This March, KISS revealed "The Final 50 Shows," culminating in two landmark performances at Madison Square Garden, the world's most renowned venue. Having originated in New York City over 50 years ago, it seemed fitting to me that their final act would take place here. Although I had previously hoped for a grand finale at Yankee Stadium, Madison Square Garden, as an iconic location, is a befitting venue for their swan song.

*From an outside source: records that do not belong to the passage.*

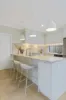 14/15 Hill Road, West Pennant Hills, NSW 2125-Image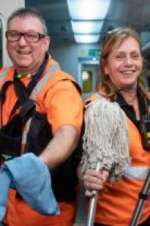 Watch Nightshifters 123movies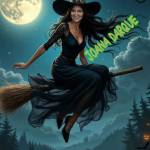 Lindaaaaa Santana Profile Picture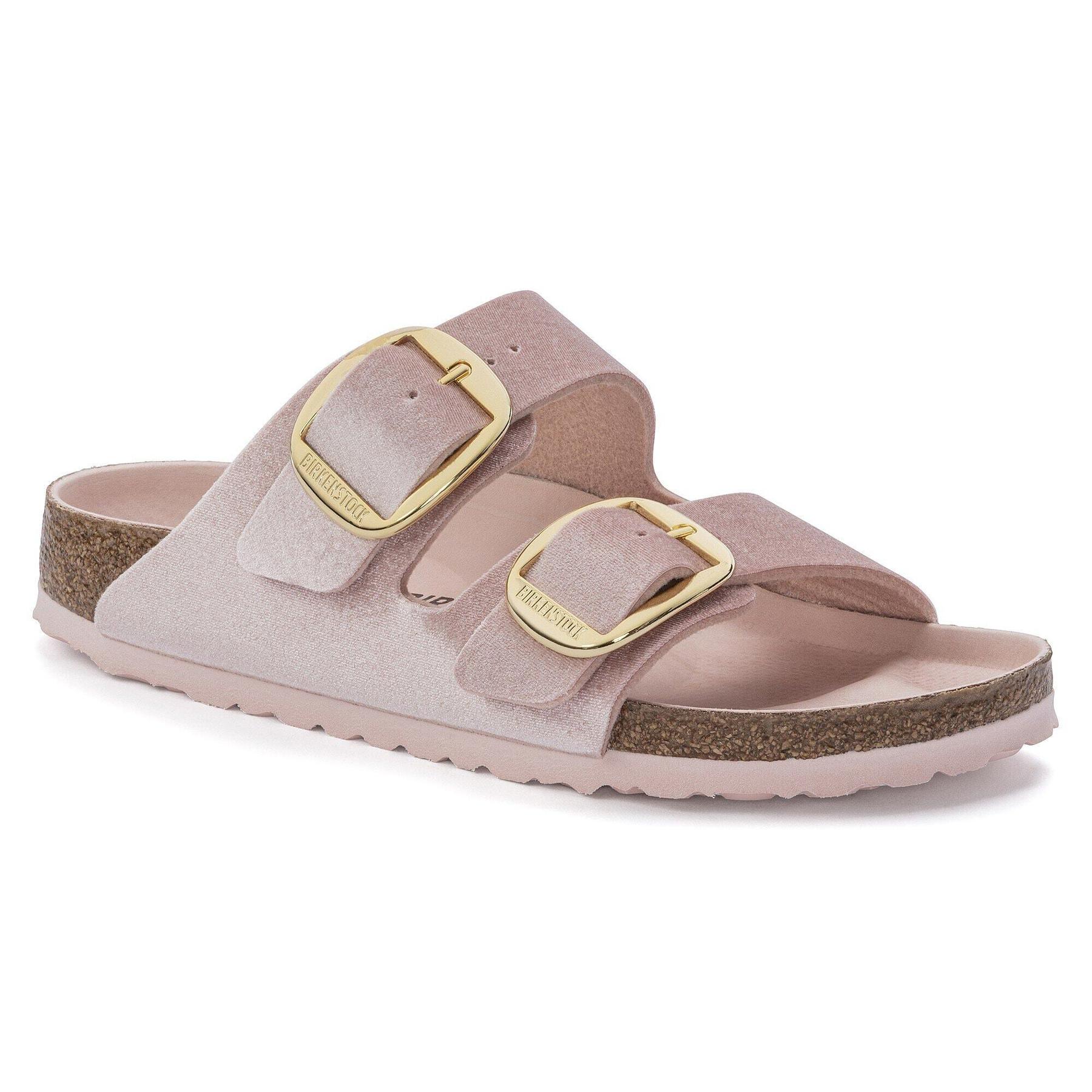product/b/i/birkenstock_1023580-1023600_1-nw090525.jpg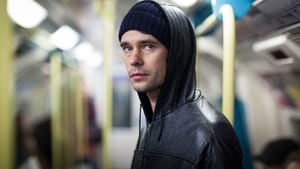 London Spy Season 1 Ep.2 2. epizód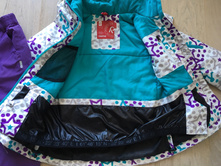 Reima �������� 128�, ������ 122, ��� ����������� �� 134, 1500���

Tonight marks a significant moment, nearly five years after the "End of the Road Tour" commenced, with the first of two shows at Madison Square Garden. Amidst a downpour in Midtown Manhattan, enthusiastic fans crowded into the sold-out venue. Opening the evening was Amber Wild, a band with a distinctly rock 'n' roll vibe reminiscent of Led Zeppelin. Despite only making their debut in October, Amber Wild has quickly risen to prominence, making this their inaugural performance in New York City. The question arises: How does a new band land a gig at Madison Square Garden for their first New York show? The answer lies in lineage; Amber Wild's frontman Evan Stanley is the son of KISS's Paul Stanley. Towards the end of their set, Evan acknowledged “Dad and Gene” for the opportunity to join the tour. While their familial connection might have opened doors, their performance was genuinely enjoyable, proving that they were more than just an opening act.
After Amber Wild concluded their set, stage technicians swiftly bustled about, setting the stage for the night's main event. A colossal curtain, emblazoned with the iconic KISS logo, descended, veiling the stage in anticipation. Around 9 PM, the sound of Led Zeppelin's “Rock and Roll” filled the air over the PA system, signaling the imminent arrival of the band. The venue plunged into darkness, and a video lit up the screens, showcasing the band's longtime manager, Doc McGhee, leading the band out of the dressing room.
The moment we had all been eagerly awaiting arrived with the iconic announcement: “You wanted the best, you got the best! The hottest band in the world… KISS!”
As KISS struck the opening chords of “Detroit Rock City,” a spectacular burst of pyrotechnics accompanied the dramatic fall of the curtain. The band made a grand entrance, descending to the stage on platforms suspended in the air. No other band can match the theatricality and spectacle of a KISS entrance!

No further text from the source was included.